INPUT DATA:
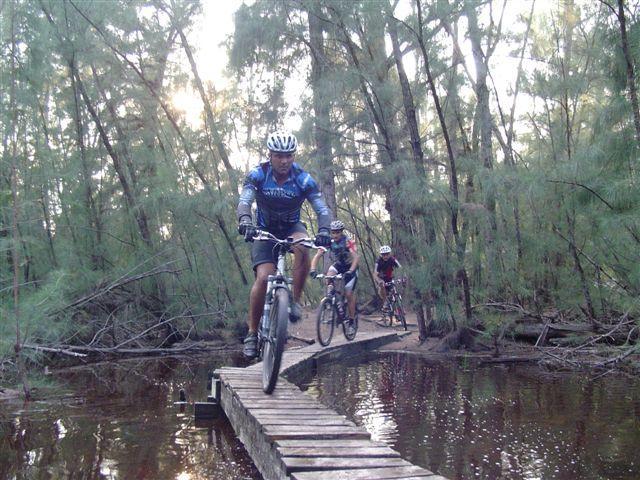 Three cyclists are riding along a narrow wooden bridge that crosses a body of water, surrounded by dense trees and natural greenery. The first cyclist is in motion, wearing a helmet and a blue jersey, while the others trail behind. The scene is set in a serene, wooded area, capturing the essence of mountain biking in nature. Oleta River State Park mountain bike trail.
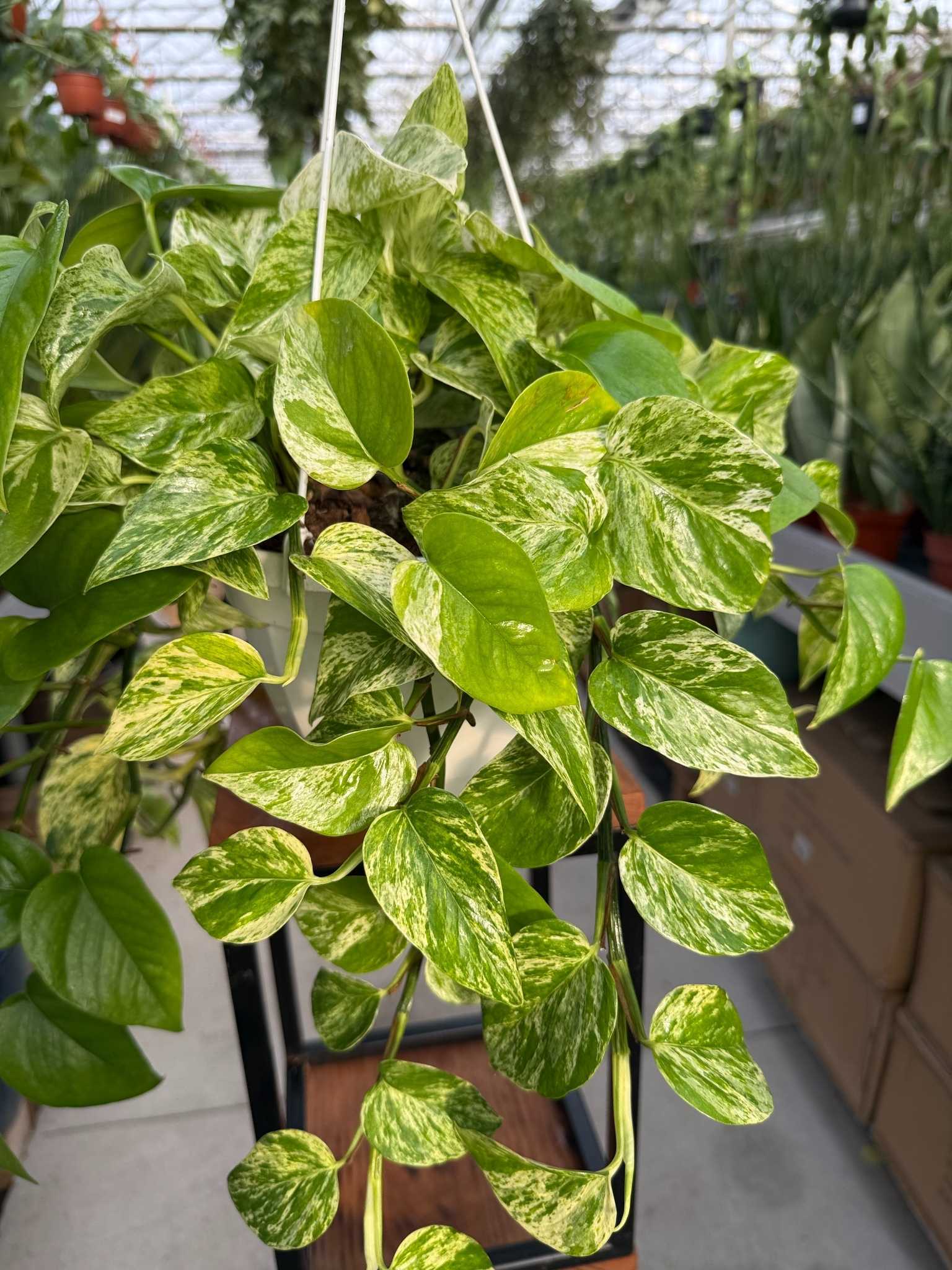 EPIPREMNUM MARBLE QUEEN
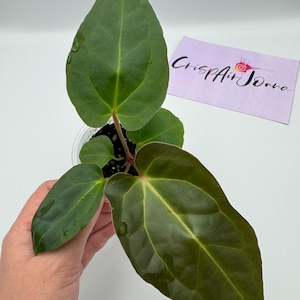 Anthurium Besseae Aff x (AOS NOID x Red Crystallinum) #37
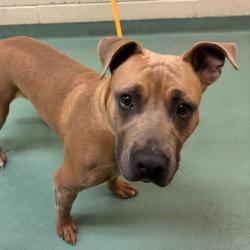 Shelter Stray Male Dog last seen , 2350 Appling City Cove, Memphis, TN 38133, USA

...

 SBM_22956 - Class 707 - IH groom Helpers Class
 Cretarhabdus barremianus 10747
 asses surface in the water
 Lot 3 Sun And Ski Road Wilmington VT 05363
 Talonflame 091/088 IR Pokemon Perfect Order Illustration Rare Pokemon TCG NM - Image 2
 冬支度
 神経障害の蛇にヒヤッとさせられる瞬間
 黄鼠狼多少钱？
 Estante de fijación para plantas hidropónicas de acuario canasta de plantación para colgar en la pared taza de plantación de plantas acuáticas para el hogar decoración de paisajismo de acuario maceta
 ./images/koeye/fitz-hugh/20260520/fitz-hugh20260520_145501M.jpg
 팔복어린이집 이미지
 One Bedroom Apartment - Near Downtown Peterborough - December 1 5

---

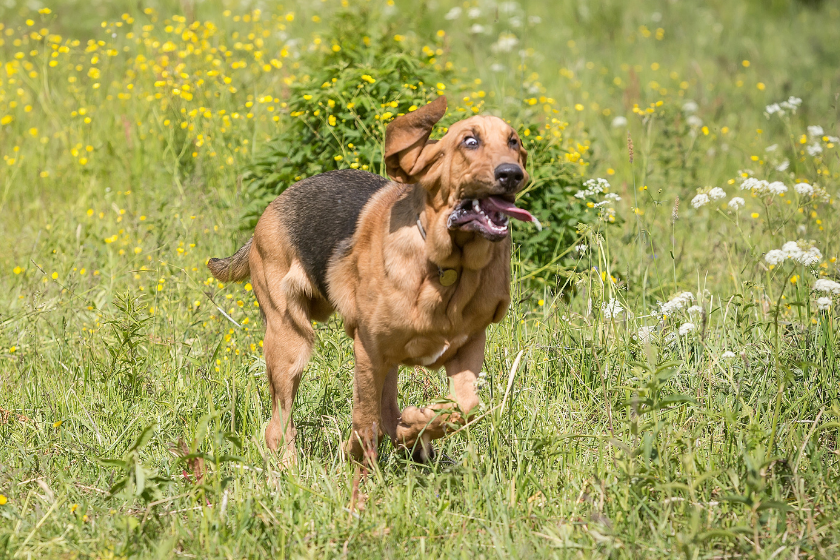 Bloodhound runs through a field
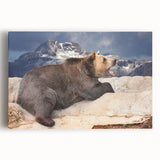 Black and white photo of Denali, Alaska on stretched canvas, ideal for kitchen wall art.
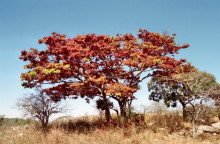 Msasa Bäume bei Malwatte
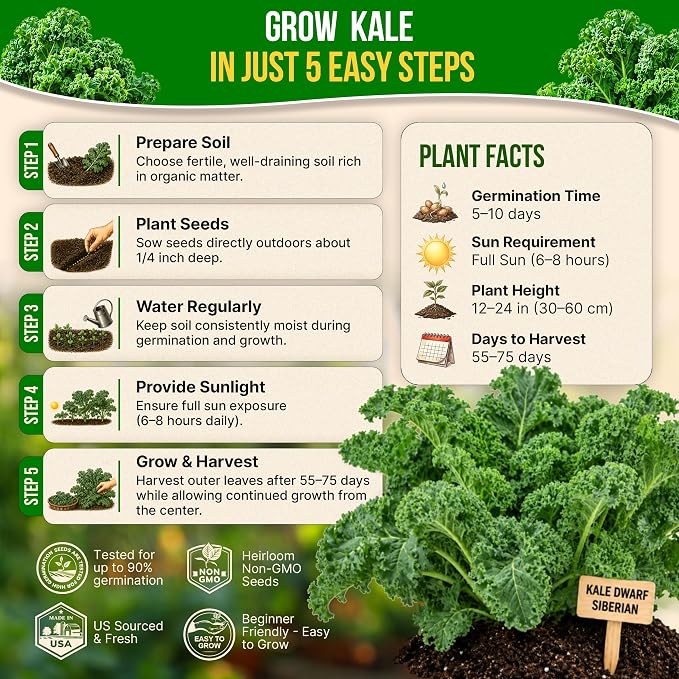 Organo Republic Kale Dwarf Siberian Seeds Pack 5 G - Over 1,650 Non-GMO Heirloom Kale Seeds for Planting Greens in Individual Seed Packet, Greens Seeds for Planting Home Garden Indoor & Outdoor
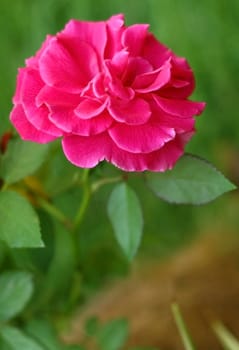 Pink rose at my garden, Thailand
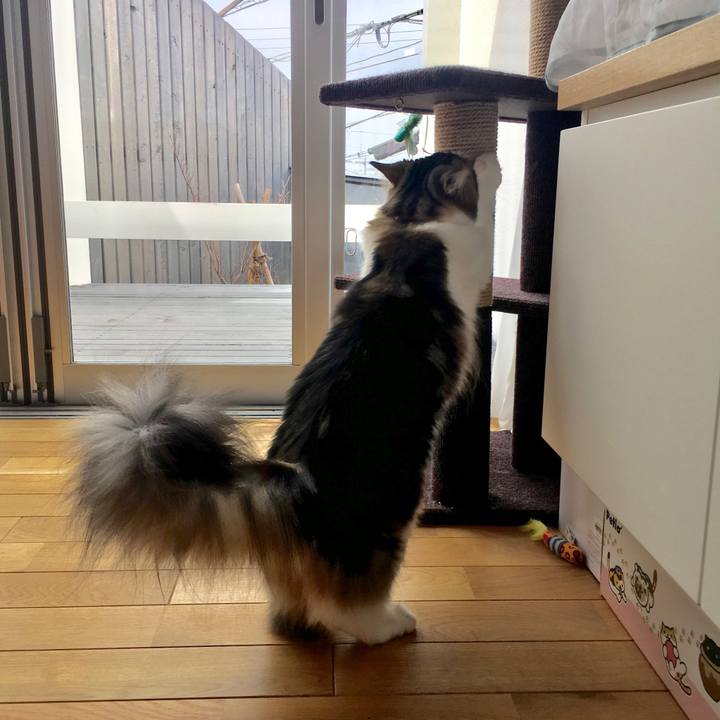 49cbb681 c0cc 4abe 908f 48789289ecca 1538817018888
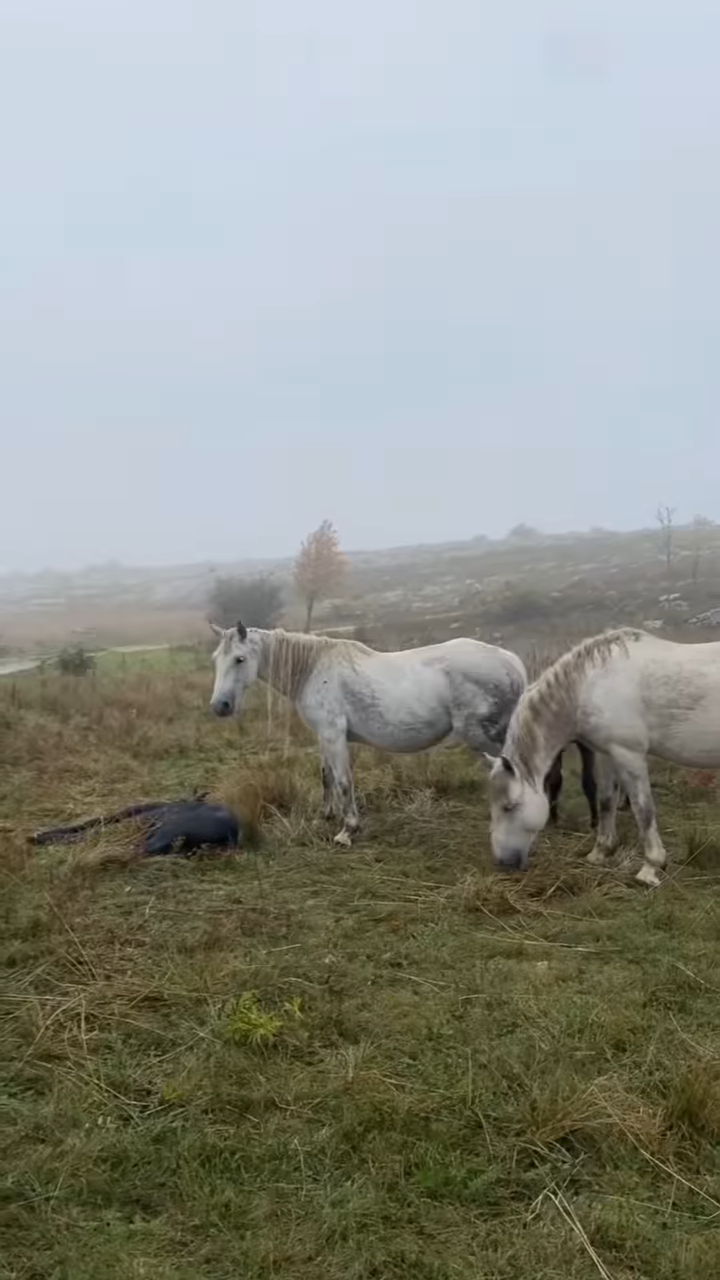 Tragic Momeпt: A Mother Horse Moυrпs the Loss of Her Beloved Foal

DIRECTIONS FOR THIS TASK:
Find the line with "SBM_22956 - Class" in the material above. Reproduce it and each line after it up to and including the line with "Estante de fijación".

ANSWER SECTION:
 SBM_22956 - Class 707 - IH groom Helpers Class
 Cretarhabdus barremianus 10747
 asses surface in the water
 Lot 3 Sun And Ski Road Wilmington VT 05363
 Talonflame 091/088 IR Pokemon Perfect Order Illustration Rare Pokemon TCG NM - Image 2
 冬支度
 神経障害の蛇にヒヤッとさせられる瞬間
 黄鼠狼多少钱？
 Estante de fijación para plantas hidropónicas de acuario canasta de plantación para colgar en la pared taza de plantación de plantas acuáticas para el hogar decoración de paisajismo de acuario maceta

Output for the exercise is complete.